In this cross-sectional study consecutive patients undergoing polysomnography (PSG) in the Sleep Laboratory of the Department of Internal Medicine of All India Institute of Medical Sciences (AIIMS), New Delhi, between June 2008 and May 2010 were evaluated for enrolment. These patients were referred for PSG from the sleep related breathing disorders (SRBD) clinic of the Department of Internal Medicine, AIIMS hospital, New Delhi.
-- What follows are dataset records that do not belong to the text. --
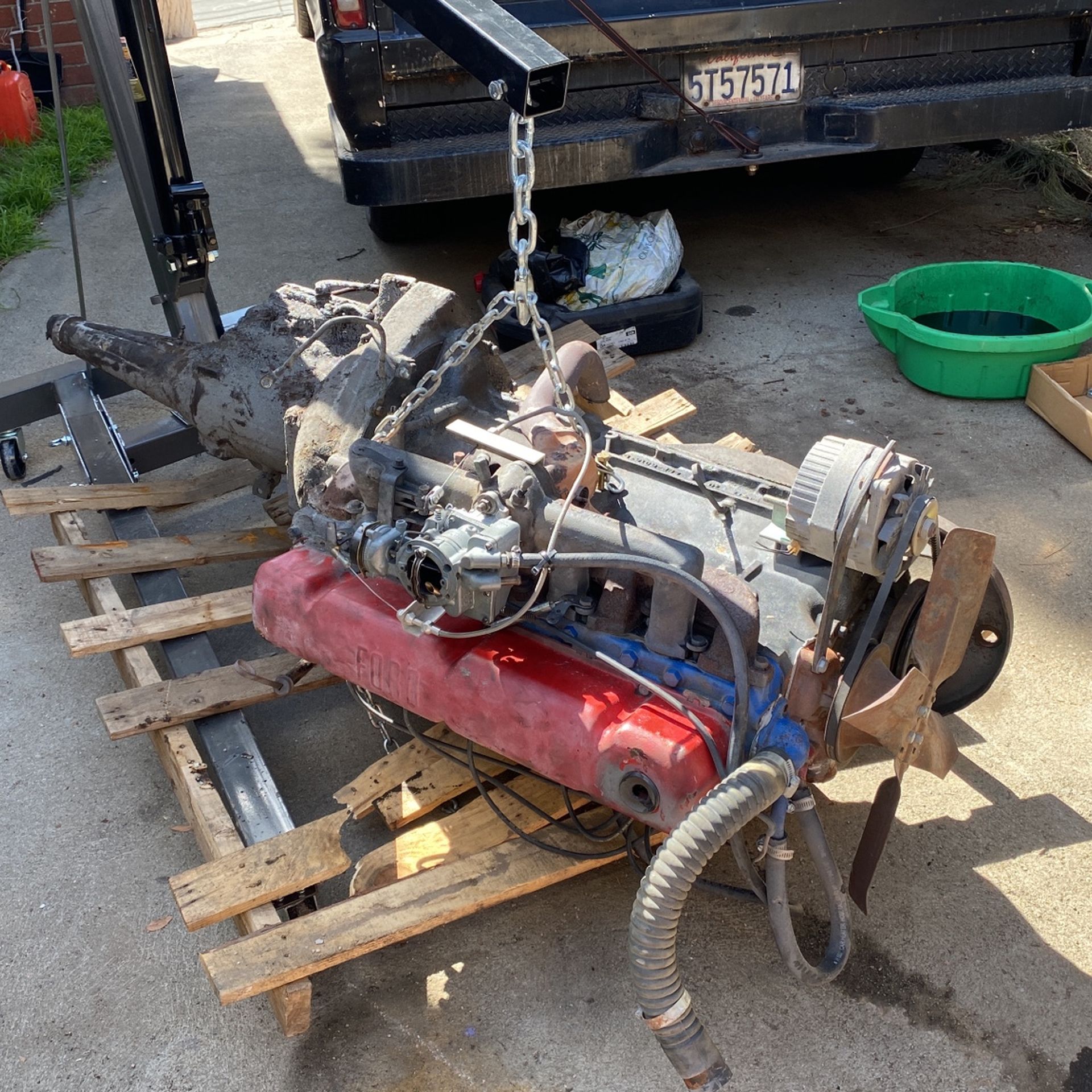 Ford 223 Inline 6 Engine And Ford O Matic 2 Speed Transmission Runs Great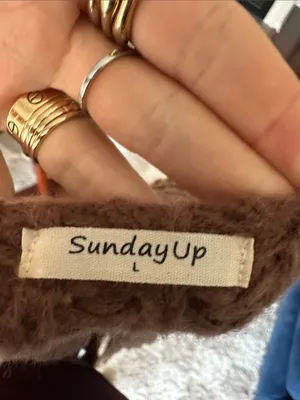 Sunday Up Chunky Knit Brown Button-Front Sweater Vest thumbnail 5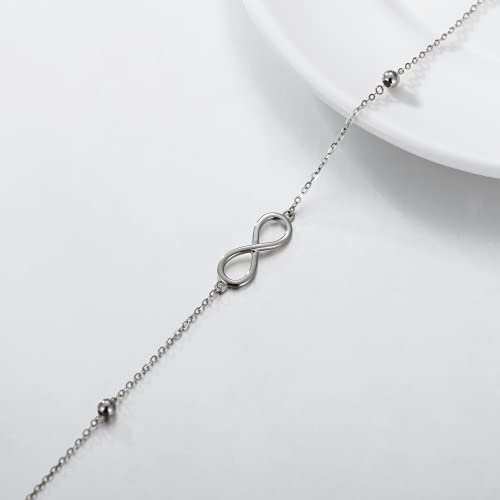 Image of SISGEM 14K Solid Gold Infinity Anklets Jewelry for Women, Real Gold Love Knot Ankle Bracelet Birthday Anniversary Jewelry Gifts for Wife, Mother 8-10 inch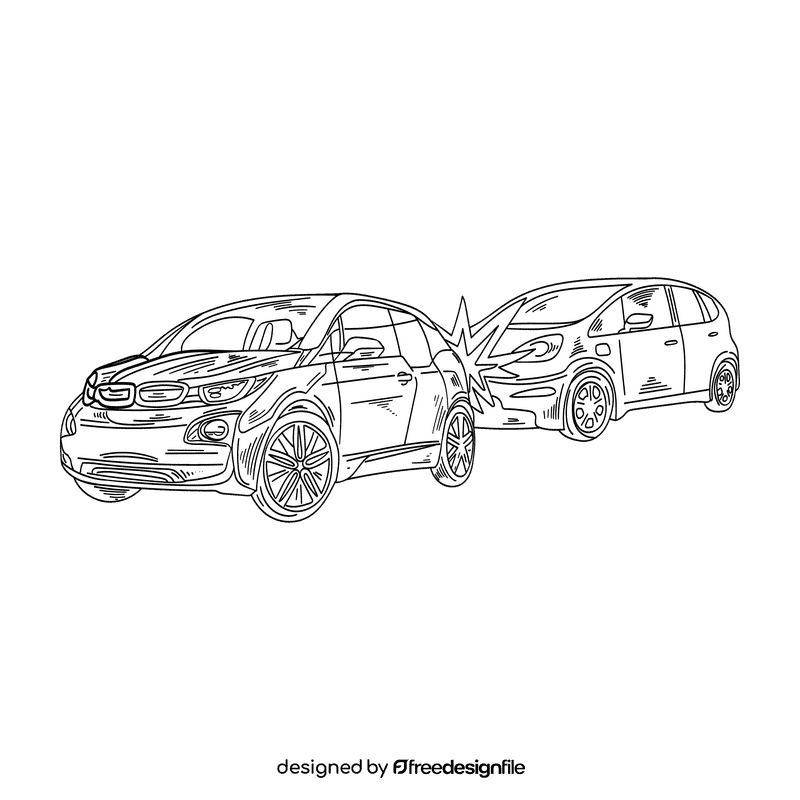 Car crash black and white clipart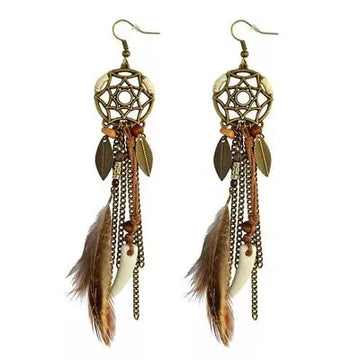 Round Retro Women's Dream Catcher Handmade Long Tassel Feather Earrings Female Leaves Pendant Earring Kolczyki Boho Jewelry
Referral of patients for PSG was on discretion of physicians in the sleep clinic, usually for symptoms of excessive daytime somnolence or snoring. Males and females, aged 30-65 yr, and naïve to continuous positive airway pressure (CPAP) treatment were included. Patients having hypothyroidism, chronic renal failure, chronic liver disease and patients with coronary artery disease and left ventricular dysfunction were excluded from the study. Patients with history of chronic corticosteroid use or hormone replacement therapy were also excluded. Approval for study protocol was obtained from the AIIMS ethics committee and written informed consent was taken from each participant.

Sleep assessment: All subjects underwent overnight 16-channel polysomnography (PSG) conducted in Sleep Laboratory of the Department of Internal Medicine at AIIMS hospital, New Delhi, by trained technicians using a Rembrandt 7.3 version PSG machine (Medicare Technologies, USA) as described elsewhere [18] . Recorded sleep data were scored manually according to standard criteria [19] by experienced laboratory technicians blinded to clinical data. Apnoea and hypopnoea were defined according to the Chicago criteria as recommended by the American Academy of Sleep Medicine [20] . OSA was defined as apnoea-hypopnoea index (AHI)>5 events/h. Severity of OSA was graded as, mild OSA: AHI ≥5 and <15 events/h, moderate OSA: AHI ≥15 and <30 events/h, and severe OSA: AHI ≥30 events/h [21] . Patients without OSA were referred to as normal. Obstructive sleep apnoea syndrome (OSAS) was defined as the presence of OSA with excessive daytime sleepiness (EDS). EDS was assessed using the Epworth Sleepiness Scale (ESS) [22] based on the subject's response to eight questions regarding probability of dozing under specific situations with a 4-point scale. A score of 10 or more was considered suggestive of EDS.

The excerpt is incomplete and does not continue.